The importance of Rule 506 to the U.S. economy cannot be overstated. The SEC estimates that approximately $900 billion was raised under Rule 506 in 2012 compared to $1.2 trillion in registered offerings in the same year, with similar amounts raised under Rule 506 in 2011 and 2010.
One of the hallmarks of Rule 506 has to date been the prohibition on general solicitation and advertising. This means that securities offerings may not be publicly advertised in mediums such as newspapers, the internet or social media platforms. The flip side to this is that securities may only be sold to persons with whom the company's representatives have a so-called "pre-existing relationship" and in practice this has limited Rule 506 offerings to friends and family of the company, hampering a company's ability to raise capital.
This is where the JOBS Act comes in. Recognizing the limitations inherent in Rule 506 especially in the age of the internet, the JOBS Act provided for the lifting of the ban on general solicitation and advertising where all purchasers in the offering are accredited. The rationale for this being that accredited investors who, by and large include high net worth or institutional grade investors, are believed to be in less need of the protection of the securities laws due to assumed sophistication.
The new rules will fundamentally change the way that private offerings have to date been conducted by opening up a new universe of potential investors from forums such as LinkedIn, Facebook and Twitter.
To ensure that unaccredited investors do not participate in these offerings, the JOBS Act mandated the SEC to amend Rule 506 to require companies to take reasonable steps to verify accredited investor status. And that is what the new SEC rules do; they provide for a flexible, three factor test in establishing accredited investor status.
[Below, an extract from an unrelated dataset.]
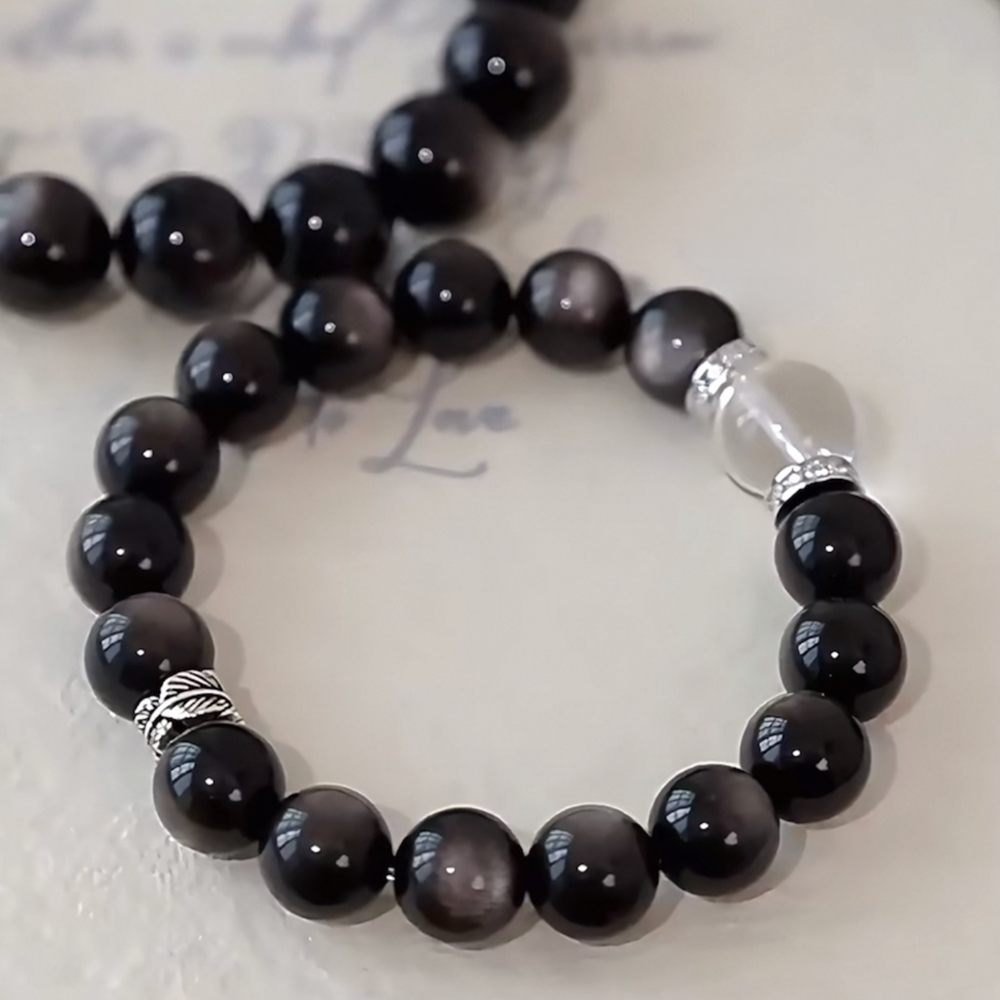 Natural Obsidian Bracelet-Resist Evil and Balance Energy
Indeed, if the SEC's rules ended there, then the fanfare surrounding the lifting of the ban would be justified. But this is not what happened.
The SEC took two important additional actions which if fully implemented would at best impose additional burdens on companies conducting Rule 506 offerings and at worst deter them from conducting these offerings in the first place, completely undermining the Congressional intent of the JOBS Act.
First, in an entirely expected move, the SEC adopted the so-called "bad actor" rules -- as mandated by the Dodd-Frank Act - disqualifying the use of Rule 506 if a company or certain other "covered" persons such as its executive officers, directors or more than 20% beneficial owners have been convicted of or sanctioned for securities fraud or other certain violations of law. The rule requires companies to exercise reasonable care in ensuring the absence of "bad actors" when conducting a Rule 506 offering, incrementally adding to the compliance burden in conducting an offering.
Second and more troubling, the SEC proposed a number of additional amendments to Rule 506 to complement the "bad actor" rules. These amendments include requiring notice filings -- known as Form D -- with the SEC both in advance of and following termination of an offering; increasing significantly the information collected in the existing Form D; disqualifying use of Rule 506 for one year for failure to timely file a Form D; requiring certain additional disclosures in certain types of offerings; and requiring the filing of certain offering materials with the SEC for a "temporary" period of two years.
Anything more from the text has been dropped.